> EXERCISE AIM
The required result is an exact copy of every line from the one with "Wearable Blood Sugar" through the last line below, with the pictures left out.

++++ PROVIDED RECORDS ++++

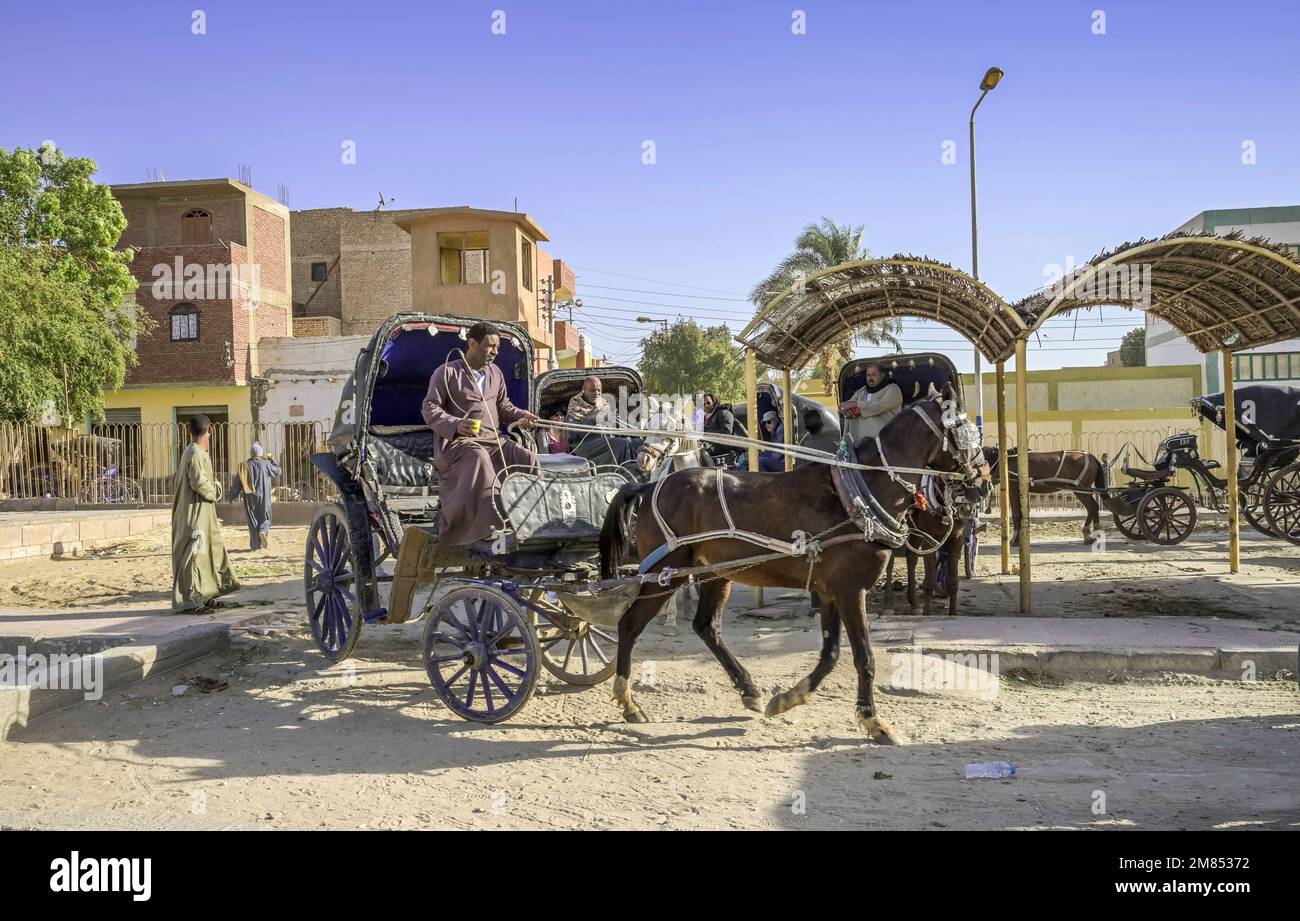 Pferdekutschen für Touristen am Tempel Edfu, Ägypten Stock Photo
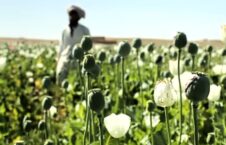 اظهارات سخنگوی طالبان درباره صادرات مواد مخدر از افغانستان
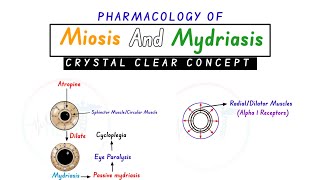 Miosis And Mydriasis  Pharmacology Of Miosis And Mydriasis  Miosis And Mydriasis Concept [upl. by Enellij]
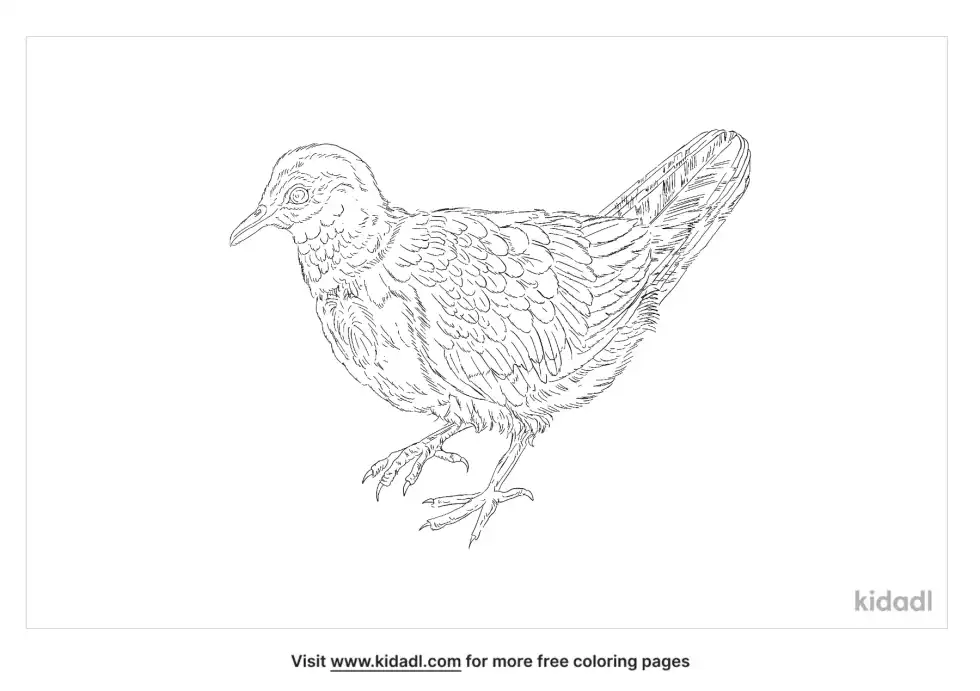 Mindoro Bleeding Heart Coloring Page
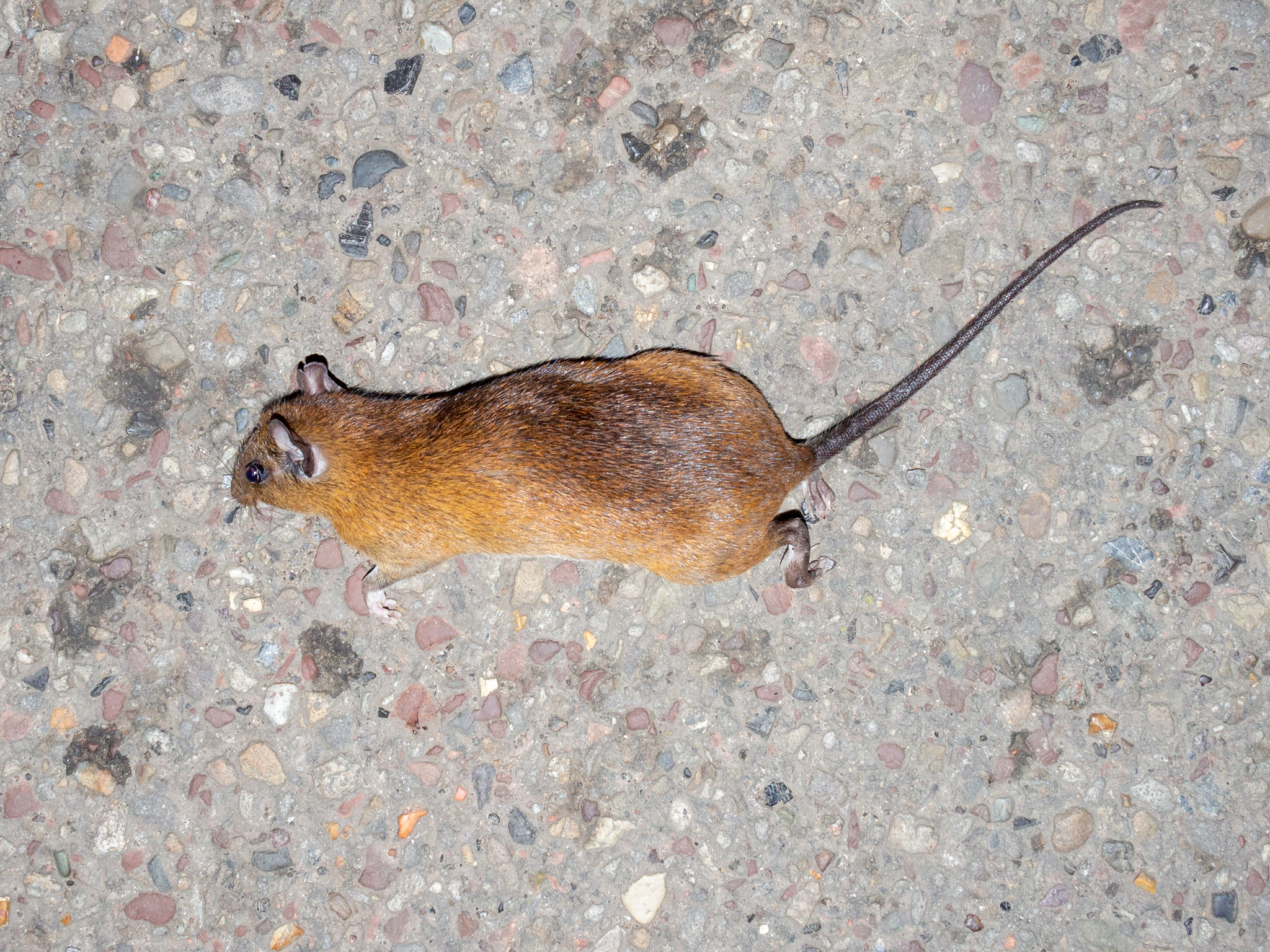 Guaira Spiny-Rat photo 6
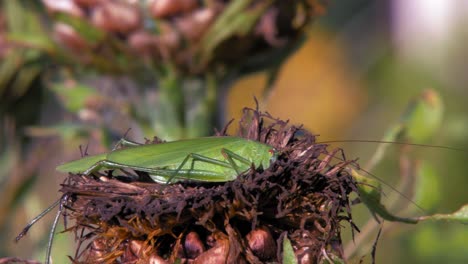 un primer plano de un gran saltamontes verde sentado en una flor marrón seca sacudida por el viento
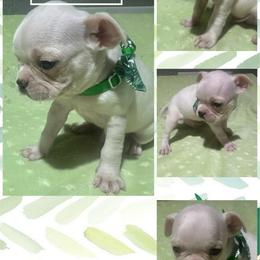 Gill - Seal and white male Boston Terrier puppy in Brazos Point, Texas from TX Southern Belle Bostons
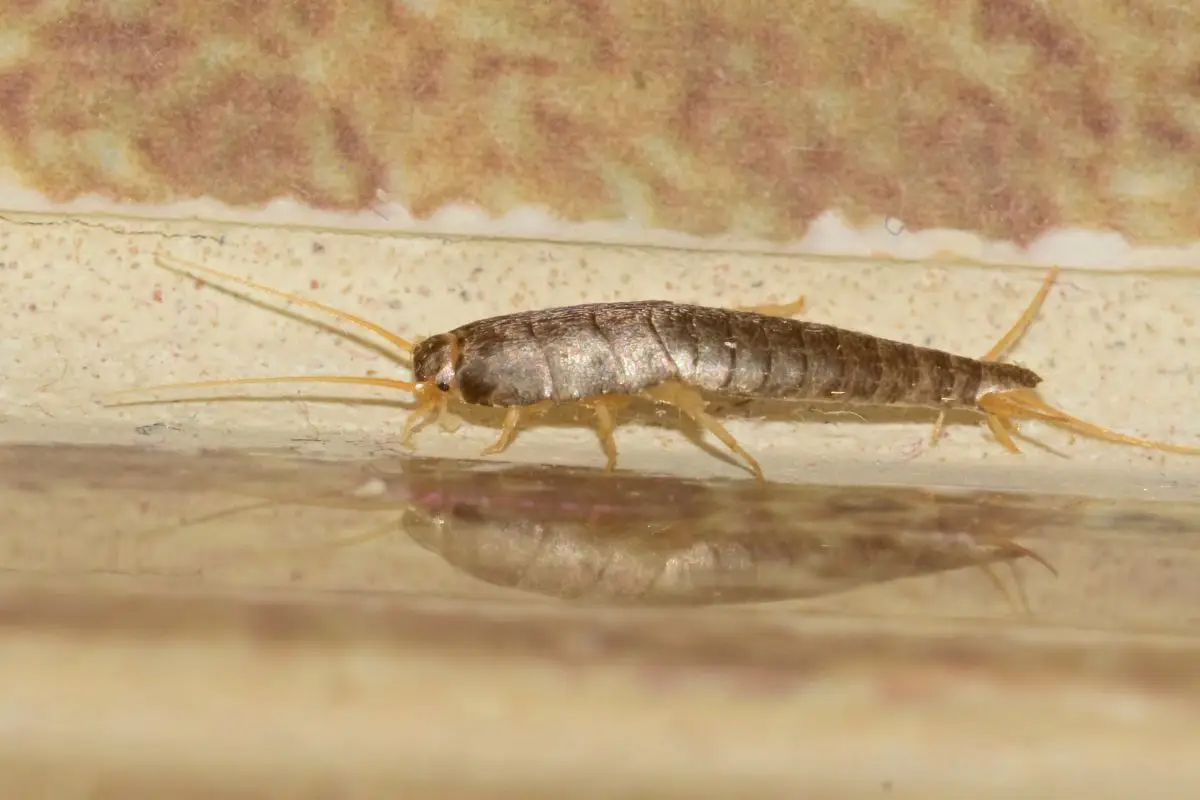 Se trovi pesciolini d’argento in casa fai attenzione: ecco le conseguenze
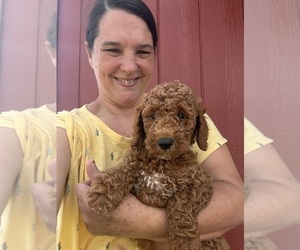 Goldendoodle Puppy for Sale in HILLSBORO, Texas USA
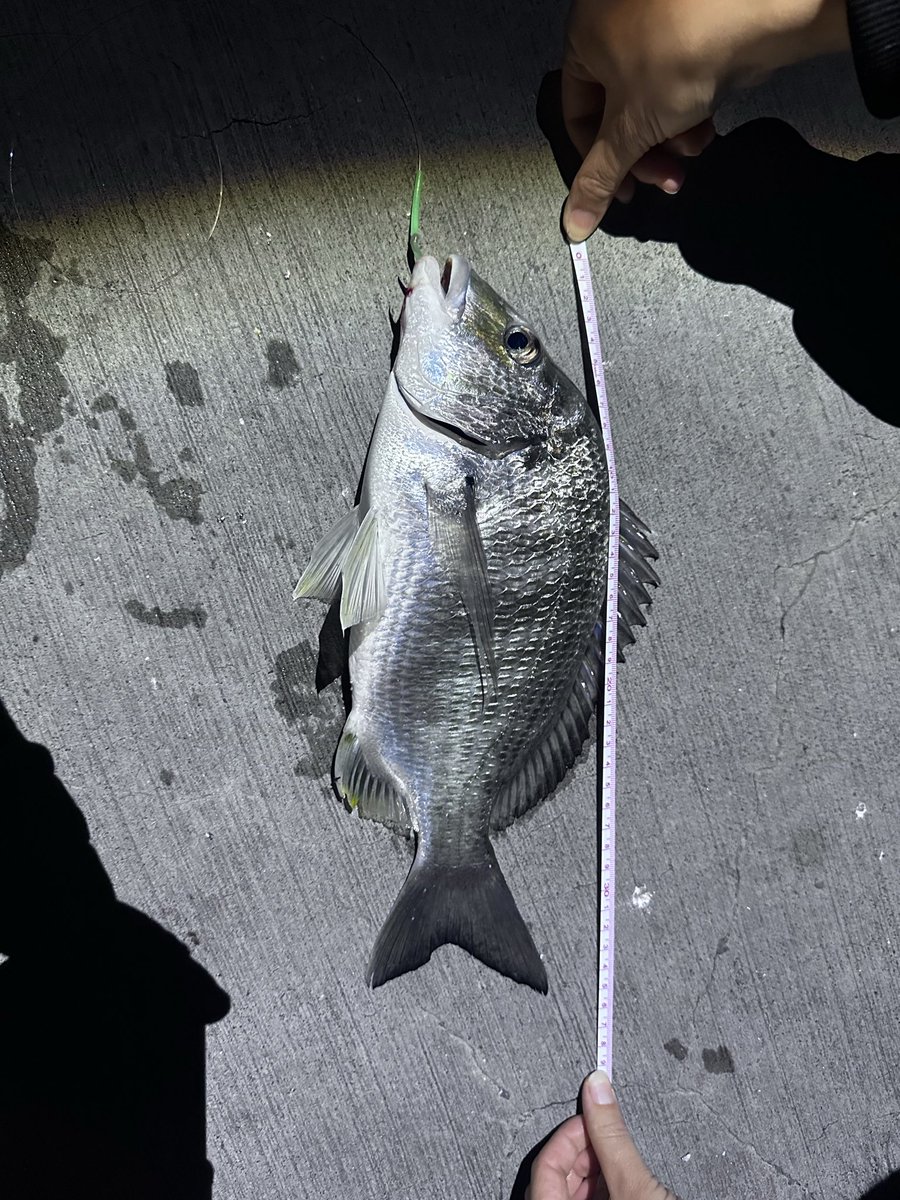 OneChiCh1's tweet photo. A time for the simple joys of fishing with bait. （27-29/05/2025） https://t.co/tBBZxZ8b9W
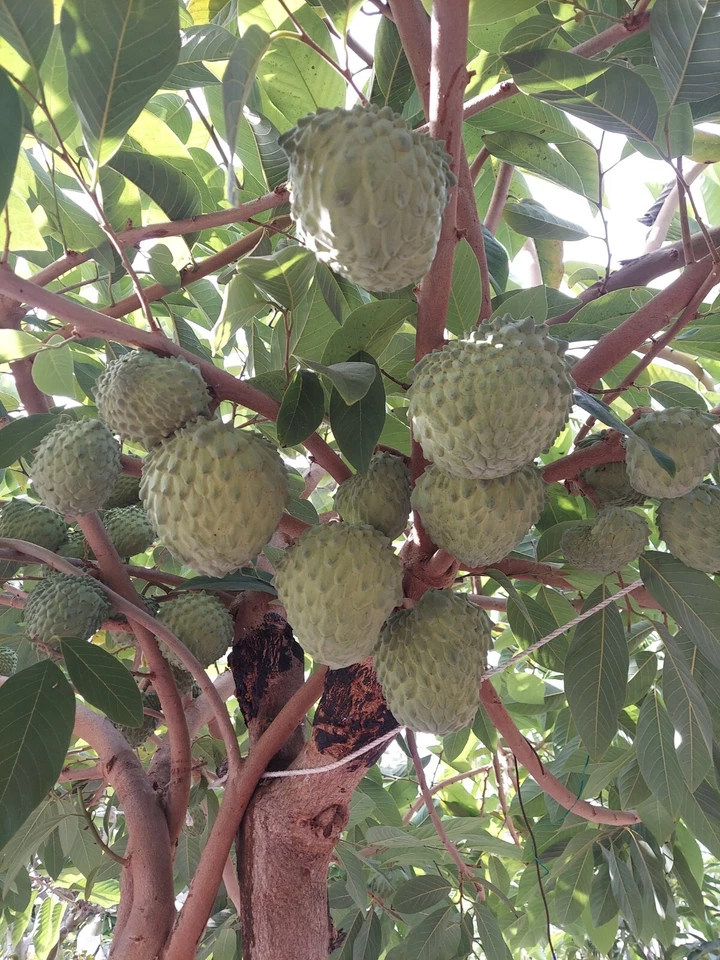 Cherimoya Live Cuttings – 10 Organic Annona cherimola Sticks, 8 Inch Fruit Tree Propagation Material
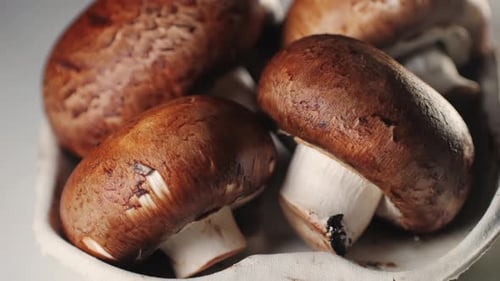 Fresh Champignon Mushrooms Big Portobello Macro Side View Background Chef Man Hold Supermarket Food
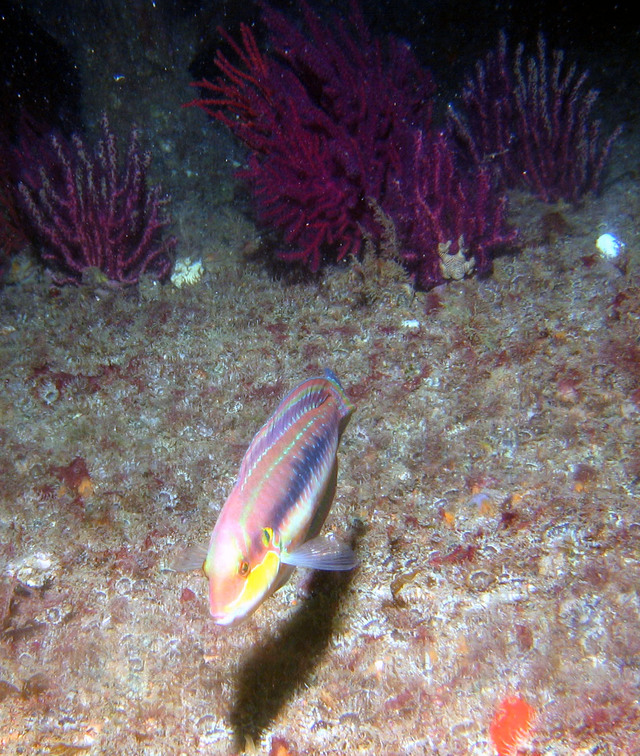 ../pictures/slippery_dick_fish.jpg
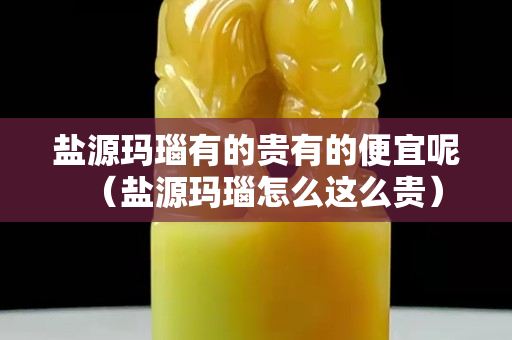 鹽源瑪瑙有的貴有的便宜呢（鹽源瑪瑙怎么這么貴）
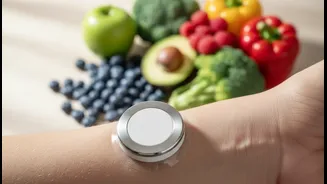 Wearable Blood Sugar Sensors Help Users Decode Their Meal Patterns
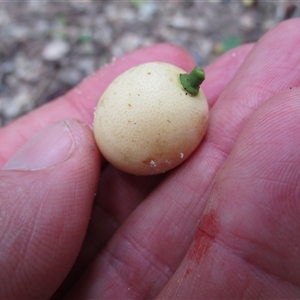 Opilia amentacea at Newell, QLD - 12 Jan 2023 11:02 AM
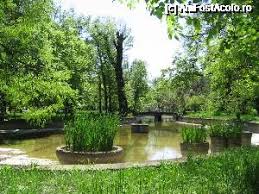 În anul 1964 pentru grădina botanică a fost ales un alt loc, iar în 1965 a fost. GrÄdina BotanicÄ In DouÄ Anotimpuri Impresii GrÄdina BotanicÄ Dimitrie BrandzÄ BucureÈti Amfostacolo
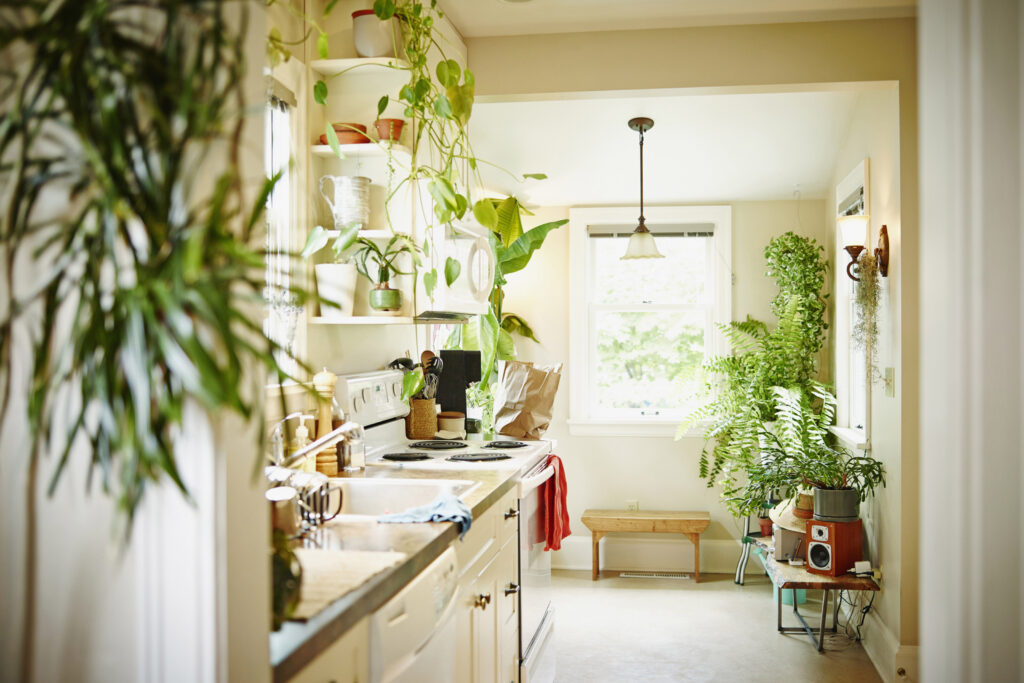 A well lit kitchen with lots of greenery in an example of Wellness Real Estate.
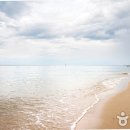 루소호텔 이미지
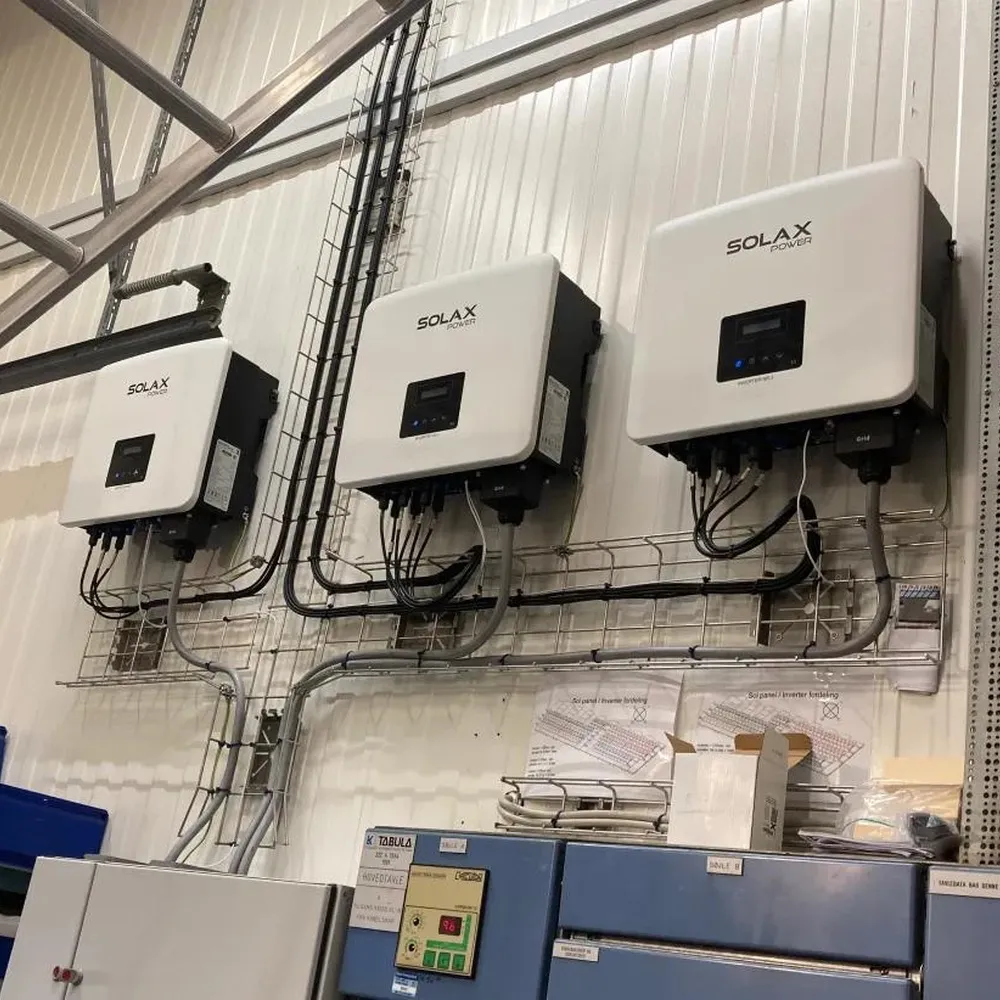 Biến Tần Inverter SolaX 100 kW 3 Pha – X3-FORTH-100K - Ảnh 2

++++

> WRITTEN RESPONSE
 Wearable Blood Sugar Sensors Help Users Decode Their Meal Patterns
 Opilia amentacea at Newell, QLD - 12 Jan 2023 11:02 AM
 În anul 1964 pentru grădina botanică a fost ales un alt loc, iar în 1965 a fost. GrÄdina BotanicÄ In DouÄ Anotimpuri Impresii GrÄdina BotanicÄ Dimitrie BrandzÄ BucureÈti Amfostacolo
 A well lit kitchen with lots of greenery in an example of Wellness Real Estate.
 루소호텔 이미지
 Biến Tần Inverter SolaX 100 kW 3 Pha – X3-FORTH-100K - Ảnh 2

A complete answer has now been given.